Let's talk about distributions of Unix/Linux first. There was a lot of 
bad advice regarding specific Linux distributions and downright horrible 
advice regarding BSD. I think it is just a lack of perspective.

CentOS is a perfectly fine RPM-based Linux distribution that is about to 
get very slowly screwed over by the for-profit RHEL juggernaut. RHEL 
gave us a preview of their view of the future of Linux by announcing 
that they were no longer releasing their kernel patches as nicely 
SRPM'ed up little files. Instead, it is now up to the community to diff 
out their code and create their own patchfiles. Conversely, RHEL is free 
to pillage anything it wants from the OSS community without any 
unnecessary hassles.

Here is one of the many stories online about that with some good links: 
http://www.g-loaded.eu/2011/03/02/rhel-kernel-source-released-with-patches-already-applied/

The fact that RHEL is a for-profit company screws up a lot of the OSS 
mentality that makes it so great. Want another example? Try installing 
Mono on a RHEL box. You can't without about a dozen commands of 
trickery. Even though the RPMs exist, they purposefully make it hard 
because Mono is a project that competes directly with aspects of RHEL's 
for-profit business model.

And don't take their RHEL-certified thing too seriously. Sometimes that 
is important (being able to call VMWare because you're working with 
certified hardware is really nice), but sometimes it's just marketing. 
I'd tentatively argue RHEL-certified falls into the latter camp; 
admittedly without having much experience caring about it. HP Proliants 
are alright overall. I like their iLO cards and their cute amber warning 
lights on every single thing.

Anyway, I use both RHEL and CentOS at work and each has their 
application but honestly we are slowly phasing out RHEL for CentOS and, 
eventually, if I have my way, will slowly phase out CentOS for my 
personal Linux-of-choice: Debian. Everything under VMWare, of course. 
For my needs, both at home and at work, Debian has consistently been the 
most balanced distribution in the long time I have used Linux.
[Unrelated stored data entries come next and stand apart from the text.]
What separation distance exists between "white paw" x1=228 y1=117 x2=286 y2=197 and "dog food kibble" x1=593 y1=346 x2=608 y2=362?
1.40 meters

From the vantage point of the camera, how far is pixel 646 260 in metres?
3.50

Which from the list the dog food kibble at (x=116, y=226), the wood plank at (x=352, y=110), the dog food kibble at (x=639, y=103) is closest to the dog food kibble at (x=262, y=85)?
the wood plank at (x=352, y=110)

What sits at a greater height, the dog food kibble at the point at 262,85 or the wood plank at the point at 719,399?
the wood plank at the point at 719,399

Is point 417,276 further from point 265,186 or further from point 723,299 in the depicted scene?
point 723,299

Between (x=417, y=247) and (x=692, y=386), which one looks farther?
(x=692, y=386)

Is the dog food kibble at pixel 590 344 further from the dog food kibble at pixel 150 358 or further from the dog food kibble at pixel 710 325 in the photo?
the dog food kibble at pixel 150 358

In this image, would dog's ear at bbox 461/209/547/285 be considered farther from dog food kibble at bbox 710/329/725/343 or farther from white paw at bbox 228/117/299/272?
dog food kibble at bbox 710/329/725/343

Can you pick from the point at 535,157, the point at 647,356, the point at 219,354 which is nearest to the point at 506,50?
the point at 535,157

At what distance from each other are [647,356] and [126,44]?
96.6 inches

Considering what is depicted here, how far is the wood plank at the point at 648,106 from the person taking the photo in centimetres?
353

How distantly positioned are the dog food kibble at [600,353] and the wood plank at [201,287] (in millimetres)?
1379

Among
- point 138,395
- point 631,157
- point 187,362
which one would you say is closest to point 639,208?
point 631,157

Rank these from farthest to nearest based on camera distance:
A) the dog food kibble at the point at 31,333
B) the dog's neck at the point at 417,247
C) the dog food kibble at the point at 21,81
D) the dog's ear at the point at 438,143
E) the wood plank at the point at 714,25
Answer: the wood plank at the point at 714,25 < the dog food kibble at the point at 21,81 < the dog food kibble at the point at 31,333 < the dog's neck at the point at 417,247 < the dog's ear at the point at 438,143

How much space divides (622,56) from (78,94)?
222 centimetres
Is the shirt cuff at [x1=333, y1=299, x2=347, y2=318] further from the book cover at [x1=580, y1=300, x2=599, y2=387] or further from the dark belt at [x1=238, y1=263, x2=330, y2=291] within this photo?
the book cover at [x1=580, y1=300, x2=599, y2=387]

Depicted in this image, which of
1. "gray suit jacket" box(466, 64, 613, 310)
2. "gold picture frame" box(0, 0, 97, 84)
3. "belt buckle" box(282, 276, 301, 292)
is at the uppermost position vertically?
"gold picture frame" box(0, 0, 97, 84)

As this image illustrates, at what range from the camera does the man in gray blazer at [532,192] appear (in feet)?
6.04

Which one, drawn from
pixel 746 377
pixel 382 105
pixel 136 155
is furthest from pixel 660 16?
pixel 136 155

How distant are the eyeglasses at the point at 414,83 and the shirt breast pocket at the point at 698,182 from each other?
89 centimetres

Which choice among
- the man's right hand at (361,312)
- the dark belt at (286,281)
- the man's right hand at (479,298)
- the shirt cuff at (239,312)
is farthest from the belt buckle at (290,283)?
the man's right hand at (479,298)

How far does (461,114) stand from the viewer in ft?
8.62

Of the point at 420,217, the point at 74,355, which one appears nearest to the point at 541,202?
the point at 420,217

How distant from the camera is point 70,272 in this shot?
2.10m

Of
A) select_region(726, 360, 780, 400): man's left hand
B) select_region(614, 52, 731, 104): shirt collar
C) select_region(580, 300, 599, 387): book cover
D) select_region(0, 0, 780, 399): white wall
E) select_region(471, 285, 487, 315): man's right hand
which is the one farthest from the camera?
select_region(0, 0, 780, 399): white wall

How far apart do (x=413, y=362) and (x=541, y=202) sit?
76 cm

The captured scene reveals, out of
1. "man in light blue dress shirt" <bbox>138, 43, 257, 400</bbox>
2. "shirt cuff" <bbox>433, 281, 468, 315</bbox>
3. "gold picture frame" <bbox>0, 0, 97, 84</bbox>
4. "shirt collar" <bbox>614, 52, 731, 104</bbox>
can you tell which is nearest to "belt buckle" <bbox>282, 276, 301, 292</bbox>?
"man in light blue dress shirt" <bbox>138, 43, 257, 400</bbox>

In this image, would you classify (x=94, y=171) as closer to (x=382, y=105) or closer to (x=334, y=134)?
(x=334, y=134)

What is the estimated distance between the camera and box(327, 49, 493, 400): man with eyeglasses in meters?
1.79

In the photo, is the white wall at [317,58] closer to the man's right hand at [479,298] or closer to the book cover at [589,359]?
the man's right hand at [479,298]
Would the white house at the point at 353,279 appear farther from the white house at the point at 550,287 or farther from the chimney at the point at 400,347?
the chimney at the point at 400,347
Really though, Linux-to-Linux, the only 2 significant differences are 
the package management system (RPM vs. Deb vs. BSD's ports tree are the 
main contenders) and the release cycle which is a to-each-their-own 
situation to me. Some people can't stand how slow Debian is to update, 
some people hate having to upgrade 15-30 packages on a monthly basis and 
love locking their versions down. It all depends on what you need from 
the OS and where your system architecture is going. But, no matter what, 
if you're not applying security patches and dealing with the occasional 
consequences, you're doing it wrong.

The complete discounting of *BSD really irked me. Okay, sure, Filepro 
mailing list -- it doesn't work on BSD. Great to know! But let's not 
completely discount something like OpenBSD -- by far the most secure and 
best documented, full-featured Unix distribution in existence, or the 
amount of *BSD code under your Linux distro's hood.

So much code that so many people could not live without was written by 
the BSD folks. You know that free IPSec stack you're using for your 
OpenVPN sessions you couldn't live without? Or uh, SSH? Written by 
OpenBSD in the 90s. OSX on your Macbook? Based on FreeBSD.
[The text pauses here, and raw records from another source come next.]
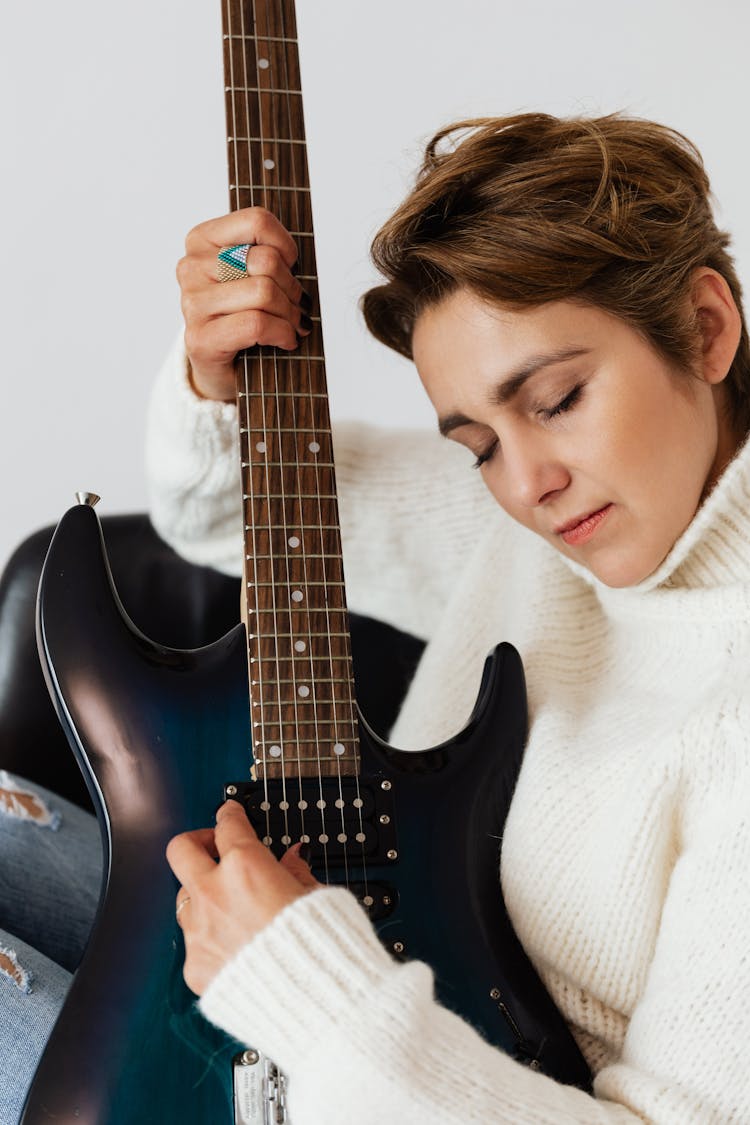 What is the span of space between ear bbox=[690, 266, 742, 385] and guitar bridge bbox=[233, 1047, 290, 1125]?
0.71m

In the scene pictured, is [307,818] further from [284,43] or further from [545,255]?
[284,43]

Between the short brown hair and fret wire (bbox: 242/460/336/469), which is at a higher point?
the short brown hair

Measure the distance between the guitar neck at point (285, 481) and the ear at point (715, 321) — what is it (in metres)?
0.36

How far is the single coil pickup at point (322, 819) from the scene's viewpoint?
1012 mm

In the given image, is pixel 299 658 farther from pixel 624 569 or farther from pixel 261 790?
pixel 624 569

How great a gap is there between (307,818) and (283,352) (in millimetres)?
449

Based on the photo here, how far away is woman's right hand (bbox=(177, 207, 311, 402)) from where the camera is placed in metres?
1.13

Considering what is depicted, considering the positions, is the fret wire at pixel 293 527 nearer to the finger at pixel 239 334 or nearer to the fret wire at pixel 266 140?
the finger at pixel 239 334

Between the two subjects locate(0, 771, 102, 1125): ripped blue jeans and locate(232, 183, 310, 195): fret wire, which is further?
locate(0, 771, 102, 1125): ripped blue jeans

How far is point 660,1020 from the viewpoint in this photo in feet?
3.01

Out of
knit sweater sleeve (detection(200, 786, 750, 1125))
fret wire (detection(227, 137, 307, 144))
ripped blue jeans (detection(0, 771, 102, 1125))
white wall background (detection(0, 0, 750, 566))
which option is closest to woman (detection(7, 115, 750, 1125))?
knit sweater sleeve (detection(200, 786, 750, 1125))

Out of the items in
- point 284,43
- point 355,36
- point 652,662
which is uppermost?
point 355,36

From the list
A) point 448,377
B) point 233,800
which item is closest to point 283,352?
point 448,377

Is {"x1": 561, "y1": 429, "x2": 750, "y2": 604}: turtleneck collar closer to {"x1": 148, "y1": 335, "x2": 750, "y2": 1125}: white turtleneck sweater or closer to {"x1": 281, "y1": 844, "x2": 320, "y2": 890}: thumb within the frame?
{"x1": 148, "y1": 335, "x2": 750, "y2": 1125}: white turtleneck sweater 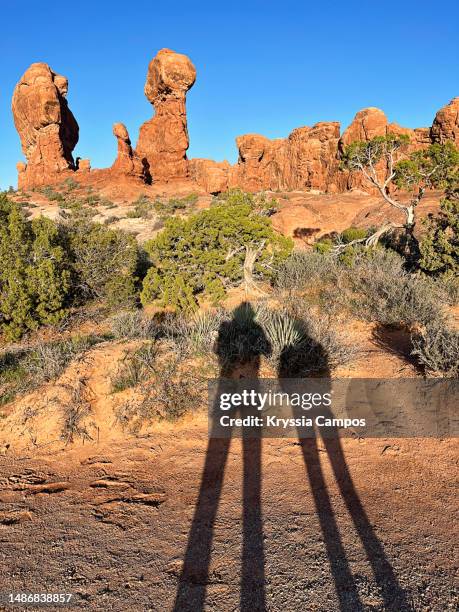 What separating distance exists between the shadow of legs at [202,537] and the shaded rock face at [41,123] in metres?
48.3

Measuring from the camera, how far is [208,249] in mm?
10727

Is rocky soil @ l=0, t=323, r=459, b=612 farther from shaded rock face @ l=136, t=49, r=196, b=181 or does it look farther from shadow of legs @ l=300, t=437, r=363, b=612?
shaded rock face @ l=136, t=49, r=196, b=181

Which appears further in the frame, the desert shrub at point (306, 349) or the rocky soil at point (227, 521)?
the desert shrub at point (306, 349)

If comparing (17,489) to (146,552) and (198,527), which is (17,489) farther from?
(198,527)

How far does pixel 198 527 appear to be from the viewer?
10.5ft

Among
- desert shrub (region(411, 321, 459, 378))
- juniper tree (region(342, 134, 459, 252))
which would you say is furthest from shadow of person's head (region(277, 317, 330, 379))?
juniper tree (region(342, 134, 459, 252))

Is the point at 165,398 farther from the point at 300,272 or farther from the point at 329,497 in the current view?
the point at 300,272

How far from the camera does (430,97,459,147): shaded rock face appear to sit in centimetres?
3841

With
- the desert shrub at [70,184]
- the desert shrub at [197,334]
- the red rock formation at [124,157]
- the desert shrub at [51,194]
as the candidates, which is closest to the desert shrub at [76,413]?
the desert shrub at [197,334]

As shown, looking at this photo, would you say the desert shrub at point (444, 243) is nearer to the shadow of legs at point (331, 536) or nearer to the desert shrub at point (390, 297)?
the desert shrub at point (390, 297)

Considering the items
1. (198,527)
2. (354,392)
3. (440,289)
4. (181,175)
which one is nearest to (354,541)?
(198,527)

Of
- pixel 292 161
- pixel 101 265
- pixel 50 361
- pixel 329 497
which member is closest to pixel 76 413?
pixel 50 361

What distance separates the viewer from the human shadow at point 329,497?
2482 mm

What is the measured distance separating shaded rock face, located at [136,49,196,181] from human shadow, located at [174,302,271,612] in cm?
4605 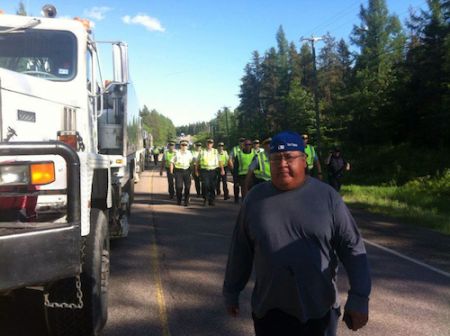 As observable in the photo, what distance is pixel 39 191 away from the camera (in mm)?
3449

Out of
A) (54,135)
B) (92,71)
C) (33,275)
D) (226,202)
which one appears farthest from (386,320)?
(226,202)

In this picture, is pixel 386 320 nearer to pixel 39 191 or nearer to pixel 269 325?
pixel 269 325

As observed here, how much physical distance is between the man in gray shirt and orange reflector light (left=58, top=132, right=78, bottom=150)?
2.78 m

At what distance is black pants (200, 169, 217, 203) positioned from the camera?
13045 mm

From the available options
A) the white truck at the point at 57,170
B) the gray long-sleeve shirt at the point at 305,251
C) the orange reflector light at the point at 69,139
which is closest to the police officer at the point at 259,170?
the white truck at the point at 57,170

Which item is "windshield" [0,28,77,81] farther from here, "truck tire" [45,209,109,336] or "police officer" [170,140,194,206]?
"police officer" [170,140,194,206]

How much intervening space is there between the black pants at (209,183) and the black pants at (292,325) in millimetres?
10441

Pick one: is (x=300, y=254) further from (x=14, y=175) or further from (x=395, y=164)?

And don't even get me started on how awesome at networking BSD is 
(OpenBSD in particular). Don't feel like spending $5 grand on a pair of 
HSRP capable Cisco routers for your border? OpenBSD was nice enough to 
reverse engineer it and then rewrite it as CARP in such a way where they 
couldn't be sued for violating Cisco's patents on HSRP. Now you can 
spend about $650 on a pair of commodity-hardware 1U rackmount servers 
and make a nearly equally capable border router. Never, ever use Linux 
as a router. iptables literally pales, falls over dead, and then 
decomposes before your eyes when compared to pf.

I'm not saying you should look to any BSD to host your application -- 
especially if it's Filepro! Linux is just as good in almost every way 
and much easier to manage in my opinion, except when it comes to 
networking. However, discounting it so quickly with remarks like "less 
than 1% of the community uses it" is really going to rub long-time Unix 
nerds the wrong way.

Some remarks on LVM were the next thing that caught my eye as bad 
information. I can't count the number of times my life has been made 
exponentially easier by using LVM2 for everything.

I may be misreading slightly, but it was implied that LVM suffers from a 
similar issue as RAID0 -- if you lose 1 physical chunk of it, the whole 
array is gone. That is sort of true, but definitely not the whole story. 
If you lose any physical volume in a volume group, all of your logical 
volumes that belong to that volume group are gone -- no argument here. 
This is why you have to plan your (redundant) physical volumes carefully 
before putting LVM on top of them.

It's actually a very similar situation to picking what level of RAID you 
want. LVM can be configured as a "JBOD" which suffers the same risks as 
any other JBOD. This is hardly anything to hold against it. The totally 
reliable, sort of magical, well supported, well documented, and easy to 
use virtual "partitioning" system LVM provides can make your life really 
easy when you're moving stuff around or need to rethink your disk situation.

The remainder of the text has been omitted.